On 25 April 2013 12:19, Ole Tange <ole@tange.dk> wrote:

On Wed, Apr 24, 2013 at 9:25 PM, Ozgur Akgun <ozgurakgun@gmail.com> wrote:

> I want to be able to say, something like `parallel --timeout (fastest * 2)`
> and let get the same output.

I have been pondering if I could somehow make a '--timeout 5%'. It should:

1. Run the first 3 jobs to completion (no --timeout)
2. Compute the average and standard deviation for all completed jobs
3. Adjust --timeout based on the new average, standard deviation and user input
4. Go to 2 until all jobs are finished

I like this story. Actually I was thinking of using median (or average + X standard deviations) as the winning criteria instead of proximity to the winner. However, using a multiple of the fastest runtime has one great property: it is very easy to calculate it.

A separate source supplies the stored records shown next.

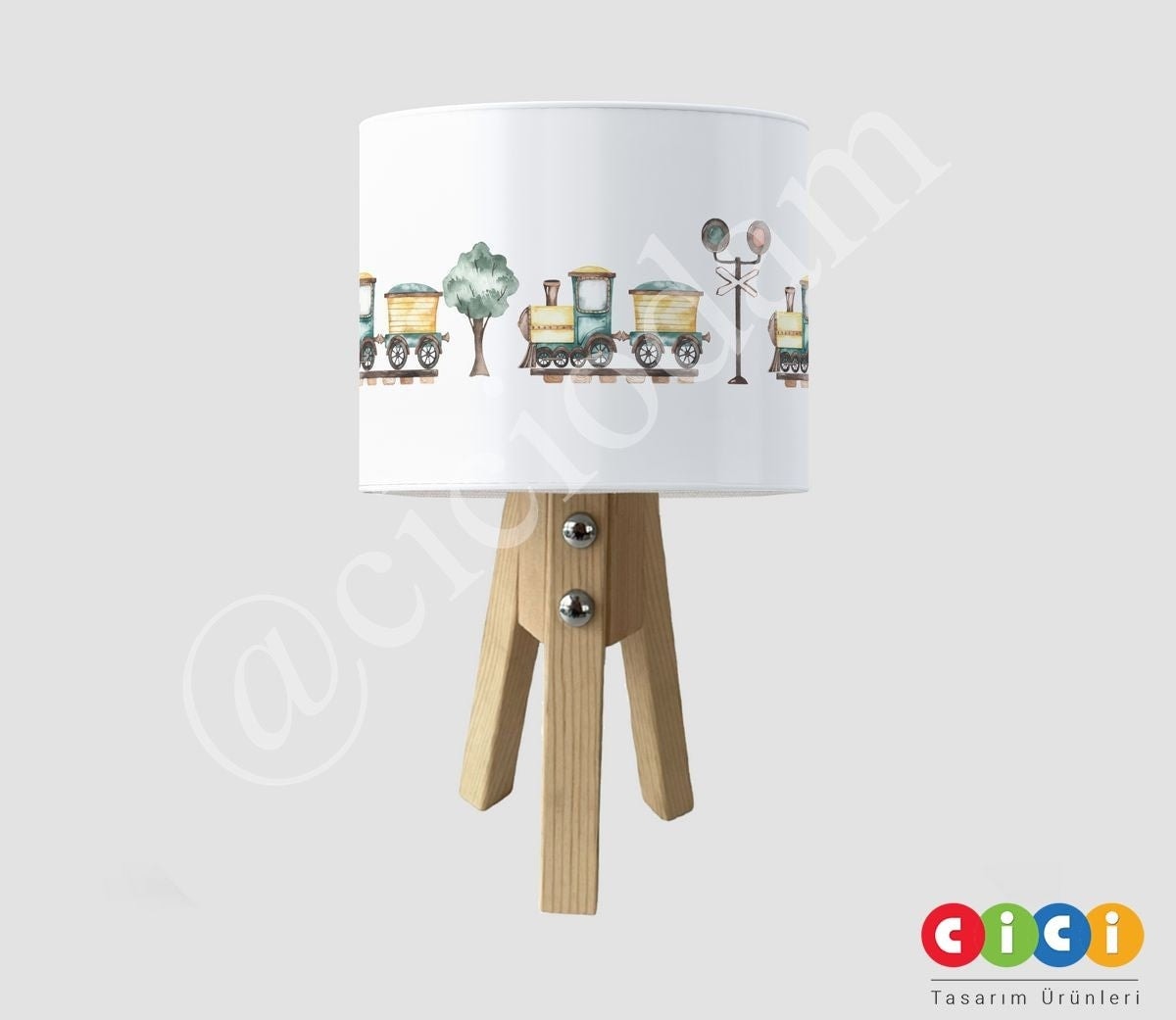 Suluboya Trenler ve Bulutlar 4018 Çocuk Odası Abajur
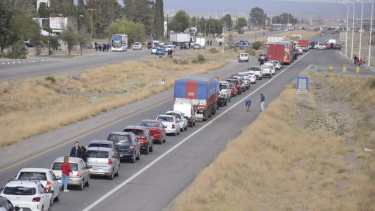 La medida de fuerza colapsó el tránsito de la Ruta 22 en Arroyito. Foto: Yamil Regules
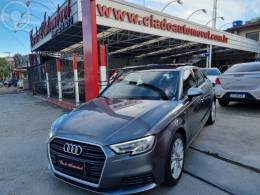 AUDI - A3 1.4 TFSI SPORTBACK AMBIENTE 16V 4P S-TRONIC - 2017/2018 - CINZA - R$ 105.900,00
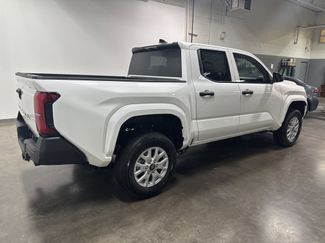 New 2025 Toyota Tacoma SR video 3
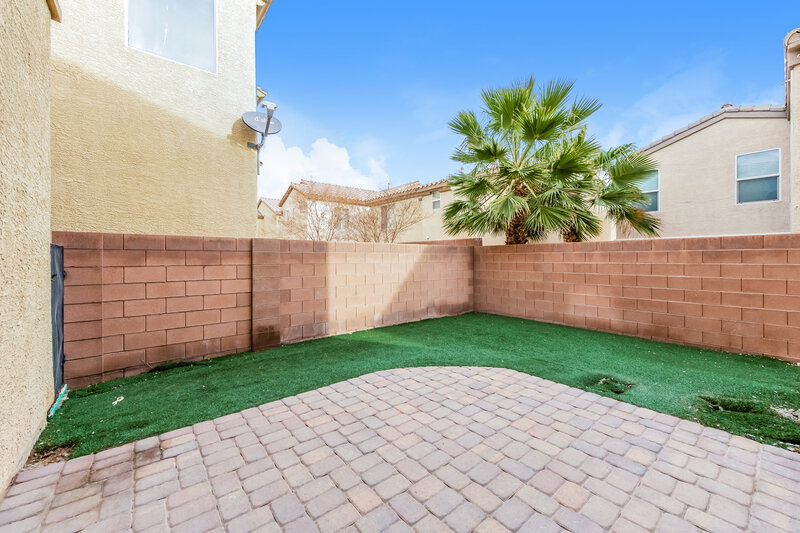 2,305/Mo, 7538 Tamany St Las Vegas, NV 89143 Rear View 2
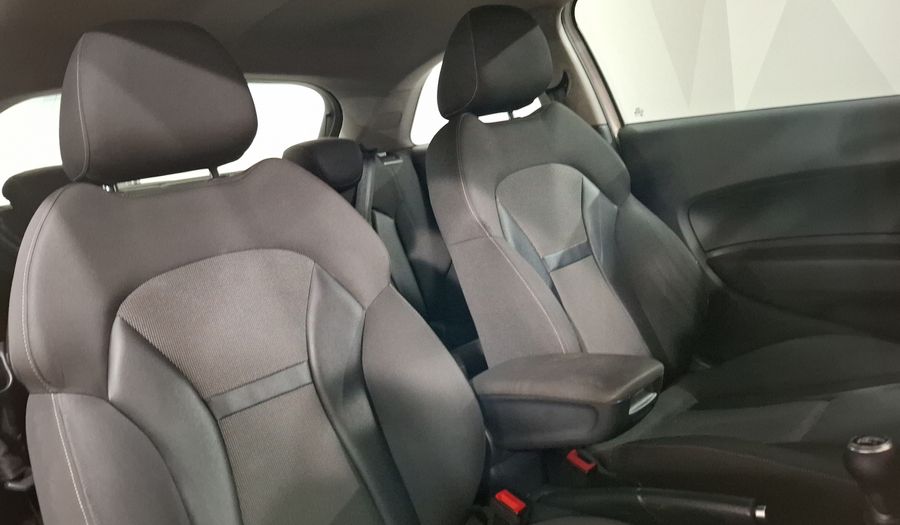 Audi A1 1.4 TFSI EGO MT Hatchback 2013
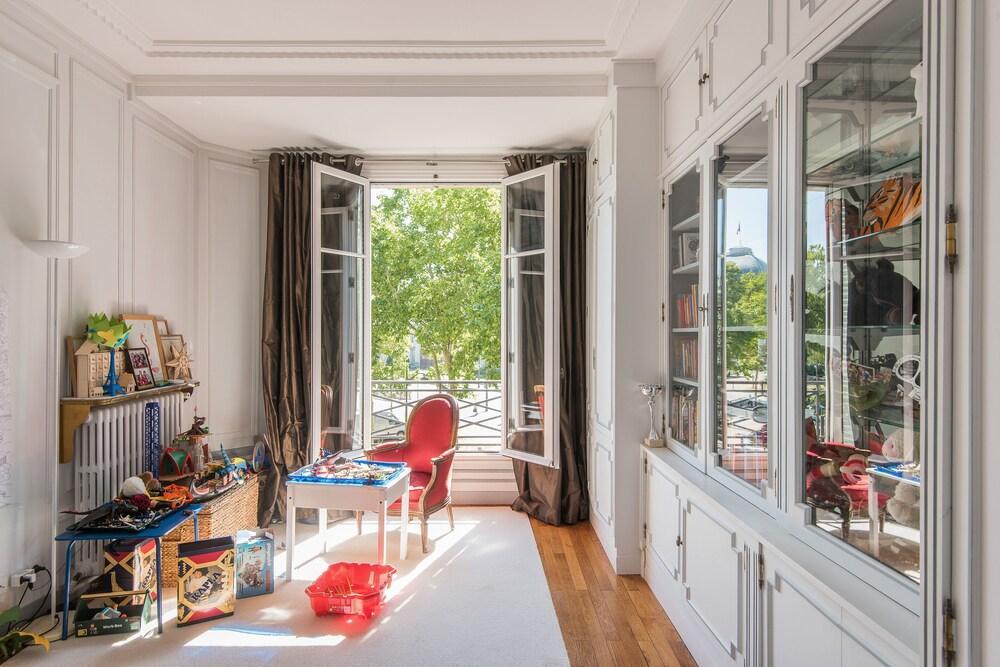 Luxurious on the Champ de Mars, Eiffel & Ecole Militaire views, Balconies, Air C - Tap to explore photos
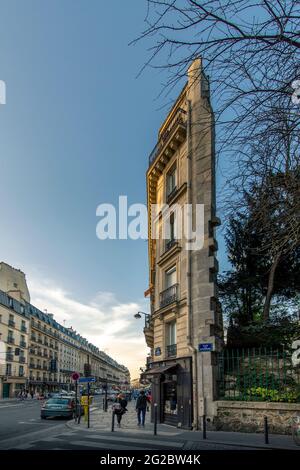 Paris, France - 31 mars 2021 : magnifique bâtiment parisien à Paris dans le quartier latin Banque D'Images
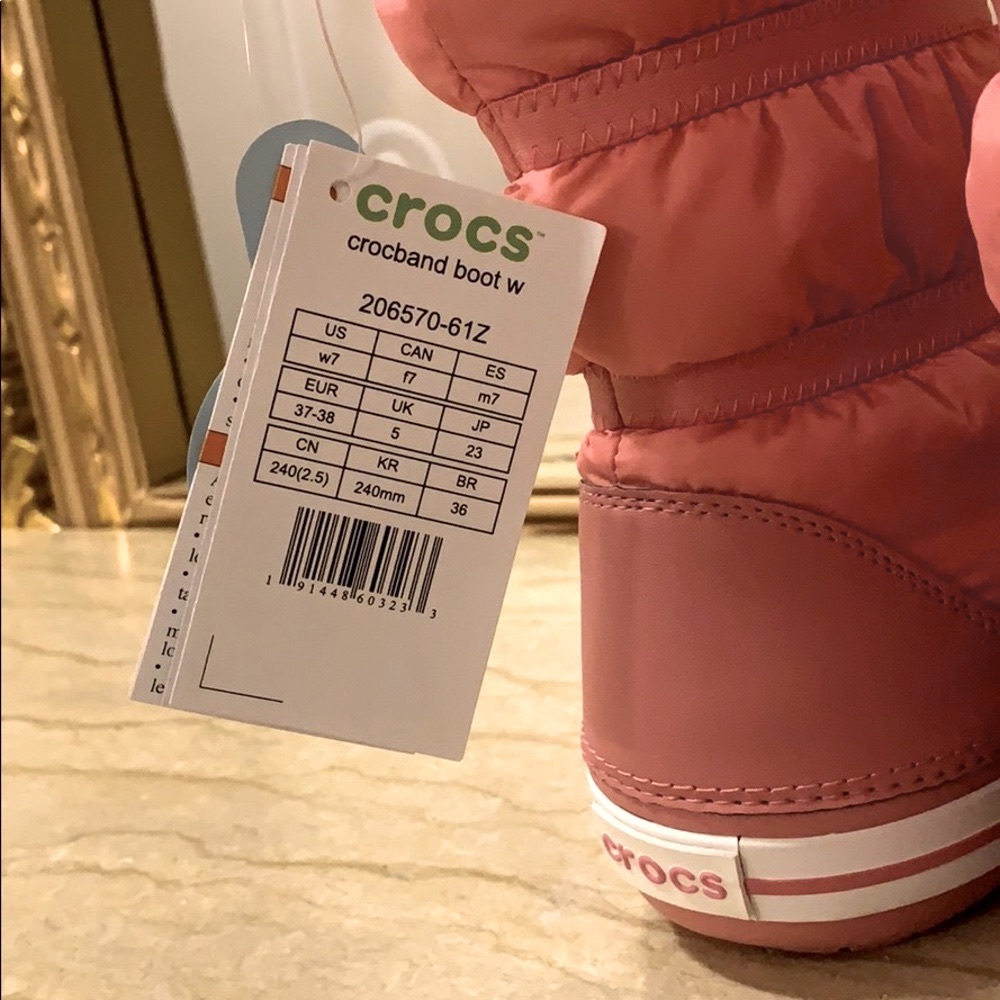 NWT Crocs Crocband Boot. Size 7. - Picture 7 of 12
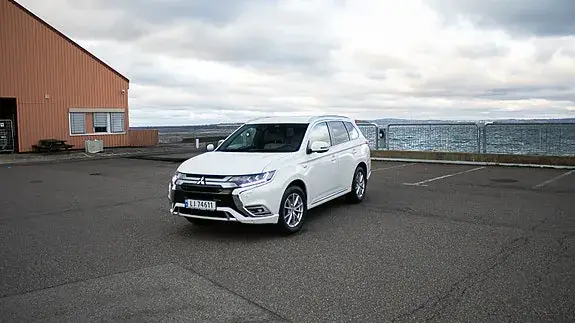 Mitsubishi Outlander 2019 photo 3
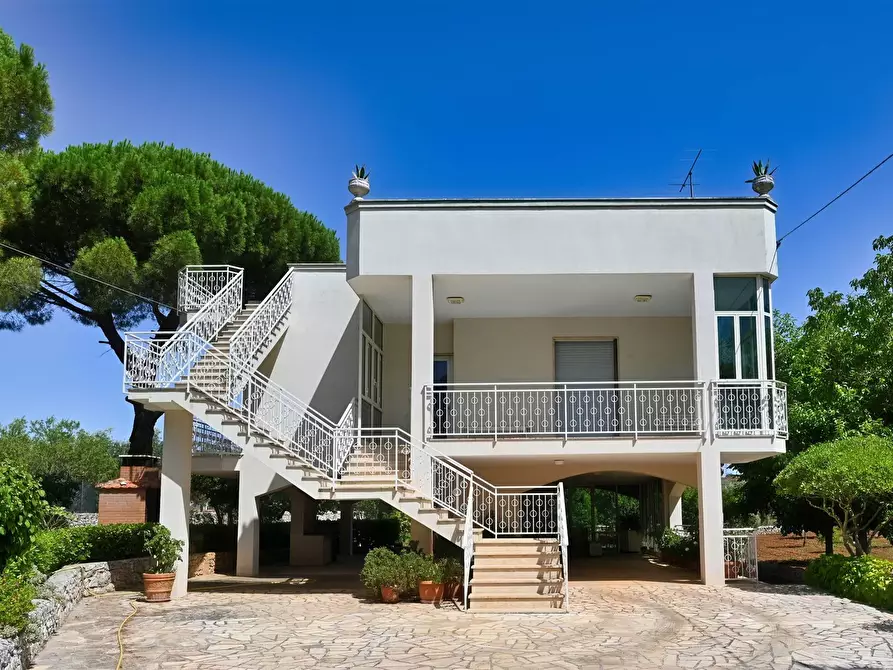 Immagine 1 di Villa in vendita  in Strada Comunale Pozzo Serralto a Putignano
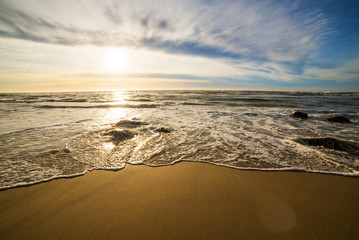 Fototapeta premium Panorama of beautiful sunset on the ocean.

Also, I limited my original question to the case where number of jobs = number of jobslots, but your algorithm above doesn't have such a limitation. Accomplishing this would be great, however, the order in which the jobs are started has a huge impact on the total runtime which disturbes me a bit.

Going back to my original question, and extending it to the case where number of jobs > number of jobslots, what would you think about something like the following?

I keep the existing --timeout unchanged, and add a new option --dynamic-timeout. This new option takes a percentage as you say.

I guess the following could work as an implementation. Given '-jX --dynamic-timeout 200% --timeout 3600'

1. Set current_timeout = timeout

2. Run the first X jobs.

2. After every job that doesn't timeout, update current_timeout if needed. [1,2]

3. Run new jobs as older jobs finish.

[1] This is probably obvious, but "if needed" is basically: `candidate_timeout = job_time * percentage ; if (candidate_timeout < current_timeout) { current_timeout = candidate_timeout }` where job_time is the time taken by the job at hand.

[2] Updating current_timeout will need to also update any timer that is attached to existing jobs. This might be tricky to implement. But consider an extreme case where job 1 takes 100 seconds to complete, and another job down the line takes only 5 seconds to complete. At this point the implementation should be clever enough to kill job 1.

If this doesn't sound too insane, I am happy to have a go at it / help anyone who wants to. I'll need some pointers as to where it should be done though.

- Ozgur.